【验证码识别专栏】人均通杀点选验证码！Yolov5 + 孪生神经网络 or 图像分类 = 高...

K哥爬虫 发表于 2024-1-15 15:59

!(https://v1.ax1x.com/2024/01/11/7mYXrL.jpg)

## 声明

**本文章中所有内容仅供学习交流使用，不用于其他任何目的，严禁用于商业用途和非法用途，否则由此产生的一切后果均与作者无关！**

**本文章未经许可禁止转载，禁止任何修改后二次传播，擅自使用本文讲解的技术而导致的任何意外，作者均不负责，若有侵权，请联系作者立即删除！**

##孪生神经网络简介

简单来说，孪生神经网络（Siamese network）就是“连体的神经网络”，神经网络的“连体”是通过共享权值来实现的，如下图所示：

!(https://v1.ax1x.com/2024/01/06/7mWVSh.png)
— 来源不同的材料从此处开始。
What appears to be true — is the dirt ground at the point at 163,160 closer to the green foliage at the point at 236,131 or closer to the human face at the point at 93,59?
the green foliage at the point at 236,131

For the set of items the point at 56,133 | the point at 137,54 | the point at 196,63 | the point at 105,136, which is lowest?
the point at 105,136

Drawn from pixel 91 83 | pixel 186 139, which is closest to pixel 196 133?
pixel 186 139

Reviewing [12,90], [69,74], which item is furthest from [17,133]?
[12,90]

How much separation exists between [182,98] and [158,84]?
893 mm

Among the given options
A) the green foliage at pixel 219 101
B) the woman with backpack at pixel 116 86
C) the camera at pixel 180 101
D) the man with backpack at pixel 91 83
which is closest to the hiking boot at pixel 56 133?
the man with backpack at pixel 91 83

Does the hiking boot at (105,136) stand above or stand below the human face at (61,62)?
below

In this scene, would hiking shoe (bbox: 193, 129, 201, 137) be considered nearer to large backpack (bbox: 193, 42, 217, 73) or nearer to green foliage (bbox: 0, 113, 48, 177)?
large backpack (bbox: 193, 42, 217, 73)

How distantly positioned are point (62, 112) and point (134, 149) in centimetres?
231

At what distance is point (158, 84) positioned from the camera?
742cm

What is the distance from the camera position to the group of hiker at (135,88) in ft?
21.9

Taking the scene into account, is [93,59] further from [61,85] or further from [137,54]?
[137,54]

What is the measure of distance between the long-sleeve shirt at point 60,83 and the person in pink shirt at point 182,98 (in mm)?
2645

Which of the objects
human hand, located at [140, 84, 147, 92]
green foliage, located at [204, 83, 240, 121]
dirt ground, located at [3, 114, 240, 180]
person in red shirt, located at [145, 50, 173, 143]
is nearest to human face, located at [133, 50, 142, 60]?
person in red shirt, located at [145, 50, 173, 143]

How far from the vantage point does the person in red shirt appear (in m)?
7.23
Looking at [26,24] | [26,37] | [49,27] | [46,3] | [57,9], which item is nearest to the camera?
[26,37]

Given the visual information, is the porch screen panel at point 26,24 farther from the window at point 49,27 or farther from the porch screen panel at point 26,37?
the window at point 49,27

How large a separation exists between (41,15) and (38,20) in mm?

孪生神经网络是一种特殊的神经网络结构，由两个或多个相同的子网络组成，这些子网络共享相同的权重和参数。其设计灵感来源于孪生兄弟或姐妹之间的相似性。孪生神经网络主要用于解决比较和相似性度量的问题。它可以将两个输入进行比较，并输出一个度量值，表示它们之间的相似性或差异程度。通俗来说，就是不同的人写了同一个汉字，将其中随机的二者拿出来进行对比，判断他们写的是不是同一个汉字，原理就是通过一个神经网络进行特征提取再进行比较，通过 Loss 的计算，评价两个输入的相似度。大家可以简单了解一下它的大致过程：

[!(https://v1.ax1x.com/2024/01/06/7mSkwb.png)](https://zimgs.com/i/7mSkwb)

### 孪生网络中的 LOSS 计算

对于孪生神经网络而言，其具有两个输入。

当两个输入指向同一个类型的图片时，此时标签为 1。

当两个输入指向不同类型的图片时，此时标签为 0。

然后将网络的输出结果和真实标签进行交叉熵运算，就可以作为最终的 loss 了。

比如，当我们输入下面俩个的时候，我们希望网络给我们输出 1：

!(https://v1.ax1x.com/2024/01/06/7mS0XO.jpg) !(https://v1.ax1x.com/2024/01/06/7mSlmQ.png)

当我们输入以下俩个的时候，我们希望网络给我们输出 0：

!(https://v1.ax1x.com/2024/01/06/7mSErc.jpg) !(https://v1.ax1x.com/2024/01/06/7mS7hf.png)

当输出 0 或者 1 的时候，我们将会与预测结果求交叉熵，进而输出相似度，这便是孪生神经网络的奇妙之处。

## YOLO目标检测

YOLO 是目标检测模型。目标检测是计算机视觉中比较简单的任务，用来在一张图篇中找到某些特定的物体。附上一张图，让大家直观的感受一下：

!(https://v1.ax1x.com/2024/01/09/7m1CTO.jpg)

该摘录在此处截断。